◆ SOURCE MATERIAL ◆
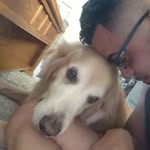 Chris Aviles - @castizo115 - Instagram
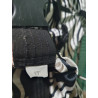 Couverture anti-mouches 110cm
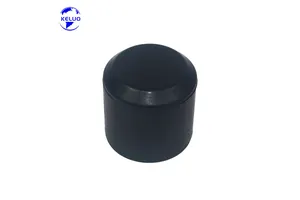 Torque Adhesive 58mLm*63mm 566-01-82190 for HD325-6-7 Truck Spare Parts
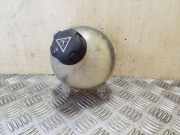 Ausgleichsbehälter CITROËN C4 Grand Picasso II 2.0 BlueHDi 150 9654429680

◆ WHAT TO PRODUCE ◆
In full and without change, repeat the material above, minus the pictures.

◆ TASK SOLUTION ◆
 Chris Aviles - @castizo115 - Instagram
 Couverture anti-mouches 110cm
 Torque Adhesive 58mLm*63mm 566-01-82190 for HD325-6-7 Truck Spare Parts
 Ausgleichsbehälter CITROËN C4 Grand Picasso II 2.0 BlueHDi 150 9654429680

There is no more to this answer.